Your questions answered? I doubt it.
Much wailing and gnashing of teeth on social media this week, as it was revealed that SA Tourism – the body charged with promoting and marketing South Africa to the rest of the world as a tourist destination – is/was/are/might be planning to spend close to R1 billion on sponsoring Tottenham Hotspur FC.
“How can you be spending this money when our country is in such a state?”
“Why not spend this money on fixing Eskom?”
“Why must it be a foreign football team? We have plenty of our own who need that money!”
Now, I’m not an expert on marketing – unlike all of the experts on Twitter – but I do understand the basics: namely that you spend some money on telling people about a product or service that you offer, with the intent that enough of those people then buy that product or service to make more money than you spent on telling them about the product or service.
So in this case, a billion Rands outlay with the intention that sponsoring Spurs will bring in more than a billion Rands in tourist revenue.

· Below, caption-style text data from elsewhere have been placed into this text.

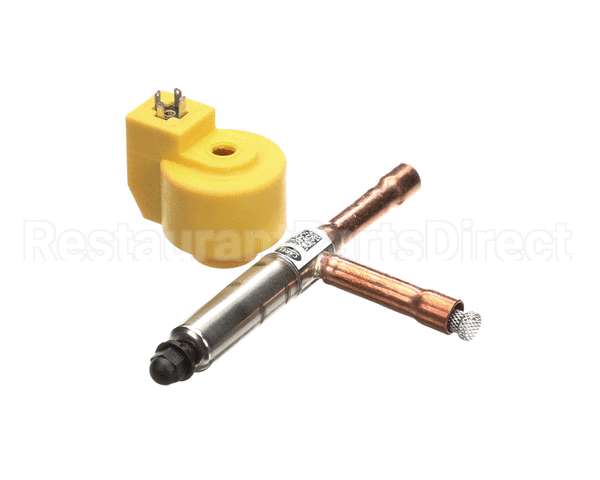 4073 Thermalrite Blast Chiller E2V24Bwaeo - 3/8"X3/8" Conn Electr Exp V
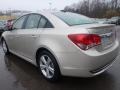 2015 Champagne Silver Metallic Chevrolet Cruze LT  photo #3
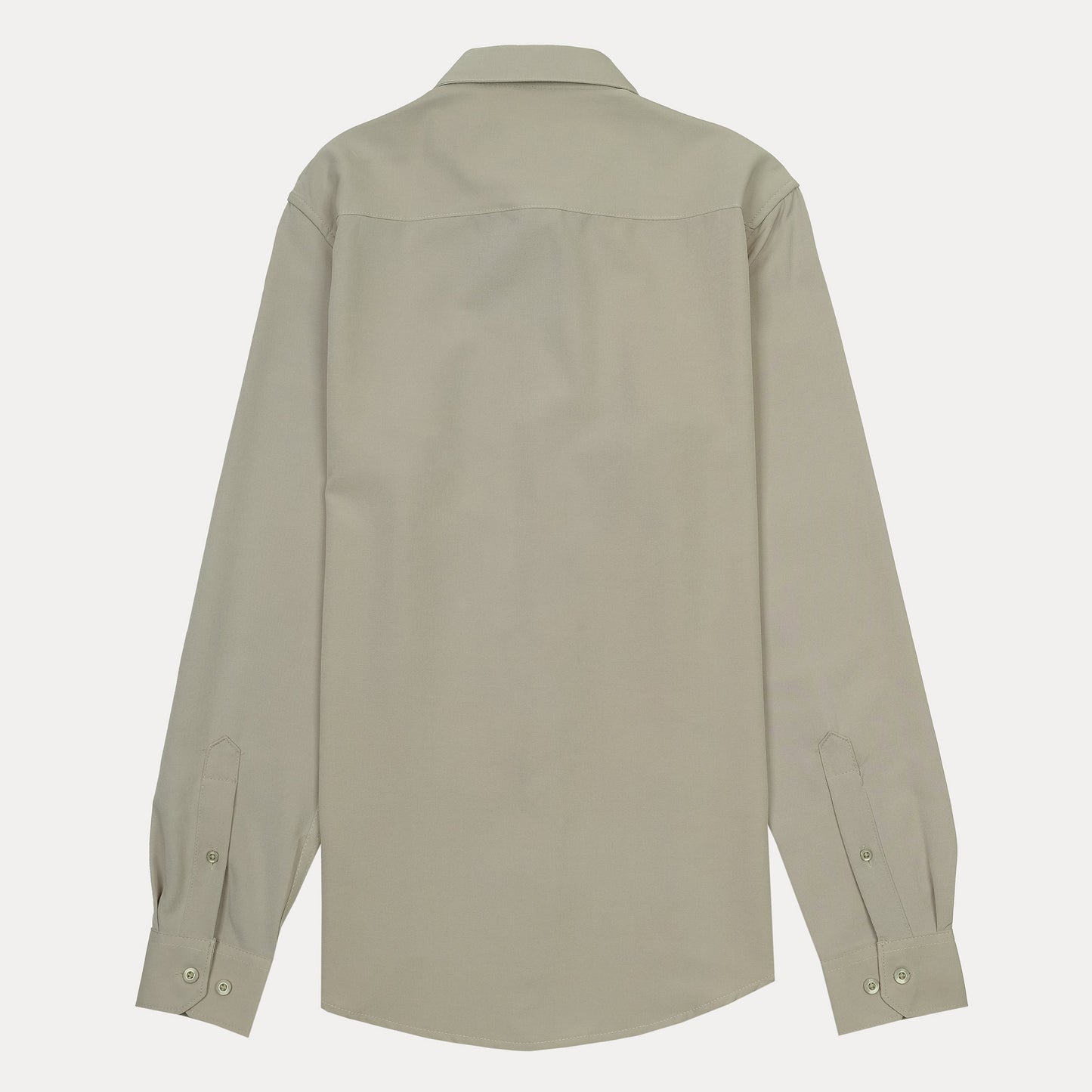 Ralph Lauren Custom Fit Elegant Sandstone Shirt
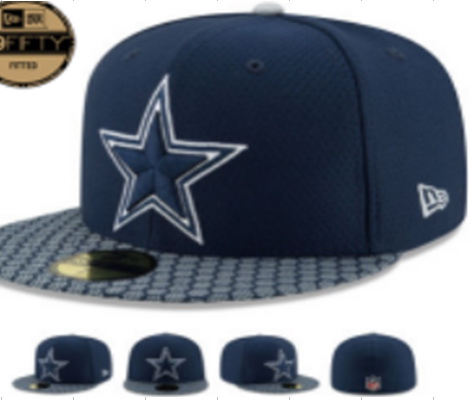 NFL Fitted Hats-087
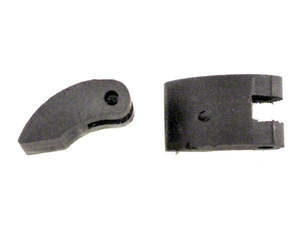 Clutch Shoes Springs: Team Losi Composite Clutch Shoes (2)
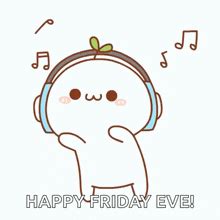 Happy Friday Eve GIFs | Tenor
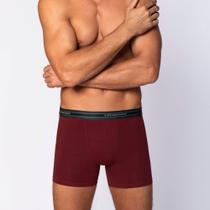 Cueca Lupo Boxer Algodão com Elastano 523-003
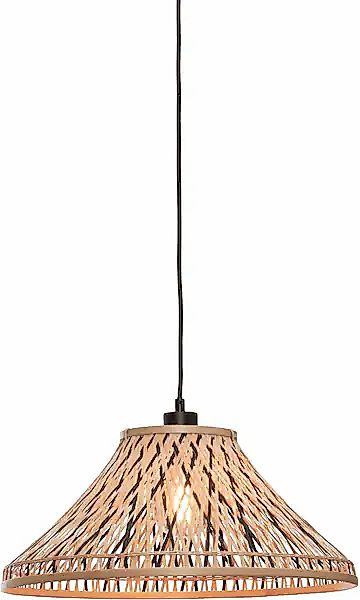 GOOD&MOJO Hängeleuchte »TAHITI« E27 1 Stk. günstig online kaufen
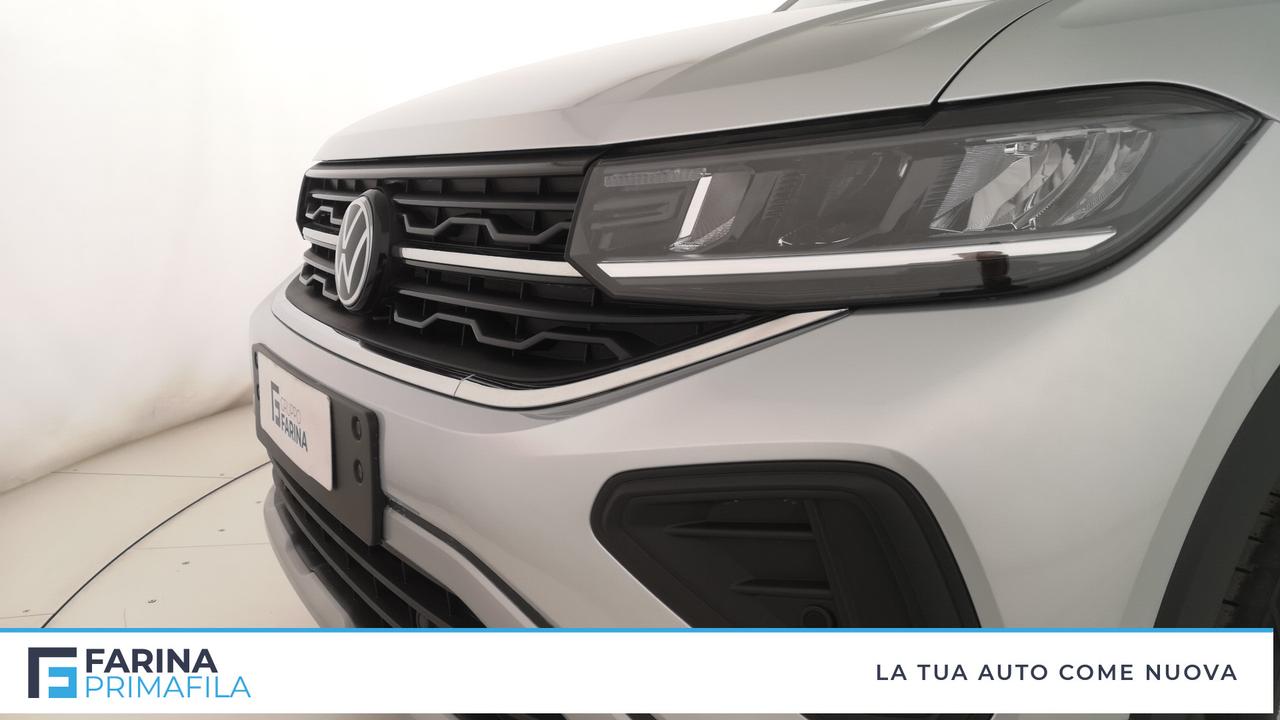 VOLKSWAGEN T-Cross 2024 - T-Cross 1.0 tsi Edition Plus 95cv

And I think that rough outline kind of answers the first question above. The plan is to spend some money in order to make more money, and that more money will benefit the country more.
And as the second question points out, the country needs to be fixed. Ignoring the point above, in which we would get more money back (and more), how much would that R1 billion help to fix Eskom and get rid of our loadshedding once and for all? Figures as to how much Eskom needs to work properly again do vary, but this number came up more than once:

This R1 billion amounts to less than 0.1% of that. I’m not saying it’s not a lot of money – it is – but I am saying that giving it to Eskom won’t make any difference whatsoever to loadshedding.

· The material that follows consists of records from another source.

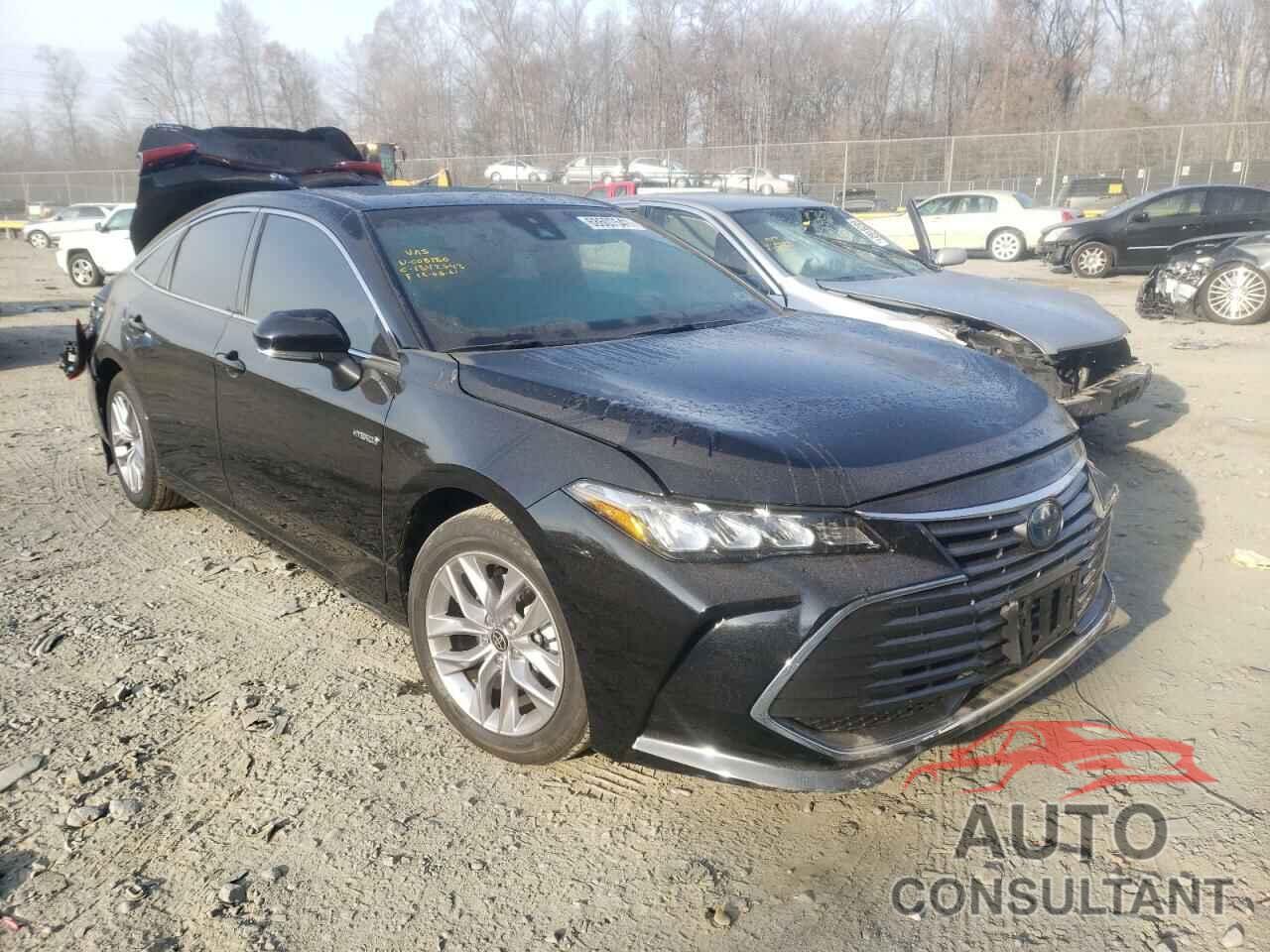 TOYOTA AVALON 2021 - 4T1AA1AB9MU008180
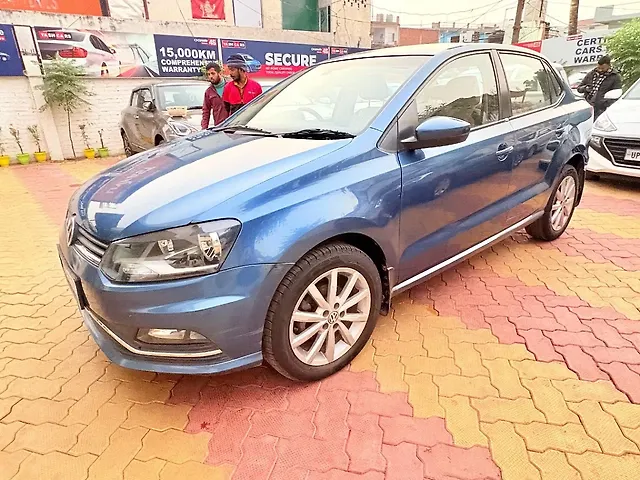 Used Volkswagen Ameo Highline Plus 1.5L AT (D)16 Alloy in Gorakhpur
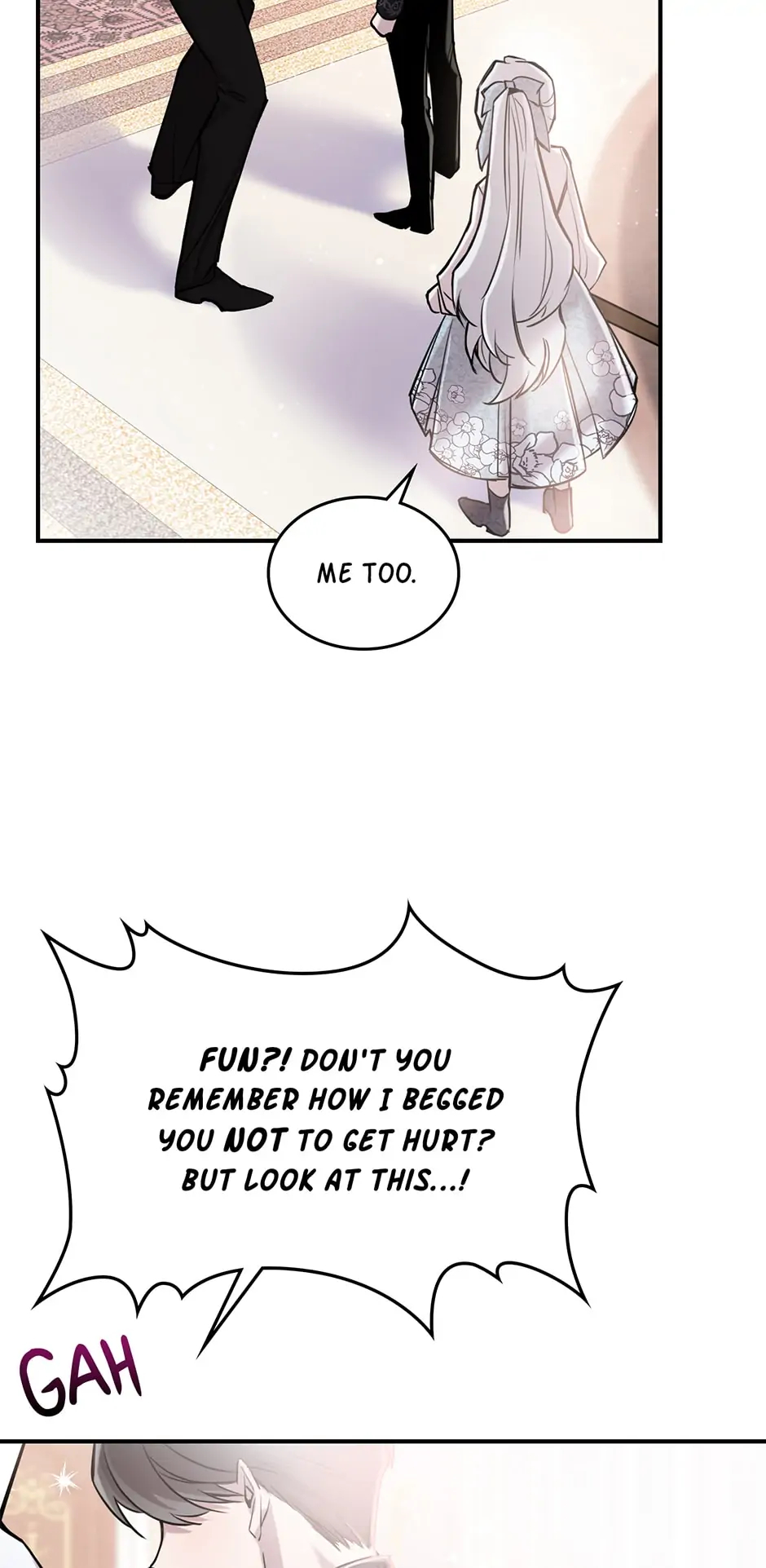 The Duke's Bored Daughter is My Master Chapter 6 - page 69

Nothing. Nada. Zippo. Dololo.
You will be urinating it away into the strong southeaster, which is turning our inefficient wind turbines
It wouldn’t even pay off 2% of the R52 billion that Eskom is owed just by South African municipalities.
Oh, and why not sponsor a local football team? Because close to no-one watches South Africa football. Not at the stadiums, not on the TV. You need people to see your marketing message, or it won’t work. And then those people who do watch South African football are South Africans, so they know all about South Africa, but they have no money to spend on coming to South Africa.
I guess my problem with the way this story was broken was twofold.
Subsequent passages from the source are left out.